Secret Path tells the story of Chanie Wenjack, a young boy who died trying to escape from a residential school. ARTWORK BY JEFF LEMIRE

Secret Path tells the story of Chanie Wenjack, a young boy who died trying to escape from a residential school. ARTWORK BY JEFF LEMIRE

Celebrated storyteller Mike Downie brings Secret Path to Port Alberni

Presentation takes place at Alberni District Secondary School on Oct. 25

Award-winning filmmaker and storyteller Mike Downie will host a presentation about the creation of The Secret Path during a special event in Port Alberni on Oct. 25.

The Secret Path is a multi-media project that tells the story of 12-year-old Chanie Wenjack, an Ojibway boy who died while running away from his residential school in the 1960s. The project began as a series of 10 poems written by Mike’s brother, Gord Downie, the Tragically Hip frontman who died of brain cancer in October 2017. With help from Mike, The Secret Path was transformed into a multimedia art project, including a music album, graphic novel and television film, which won Best Social or Political Documentary Program at the Canadian Screen Awards in 2018.
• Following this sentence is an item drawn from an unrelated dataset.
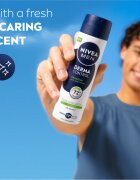 Nivea MEN Derma Control Sensitive antiperspirant ve spreji pro citlivou pokožku 150 ml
READ MORE: Gord Downie, fighting cancer, to walk audience down ‘Secret Path’ of indigenous pain

The film, featuring illustrations from Jeff Lemire, is divided into 10 chapters, creating a powerful visual representation of Wenjack’s escape from the Cecilia Jeffery Residential School in Ontario and his subsequent death from hunger and exposure. The film is set to Gord Downie’s musical retelling of Wenjack’s story.

School District 70 trustees had a chance to hear a presentation from Mike Downie during a provincial AGM in 2018, and immediately wanted to bring Downie to the Alberni Valley.

“We were very impressed by how he told the story of creating The Secret Path,” explained SD70 board chair Pam Craig. “We wanted to bring it to SD70 for students to experience that presentation.”

Downie will be making three separate presentations to students at Alberni District Secondary School and Ucluelet Secondary School, followed by a presentation open to the public on the evening of Oct. 25.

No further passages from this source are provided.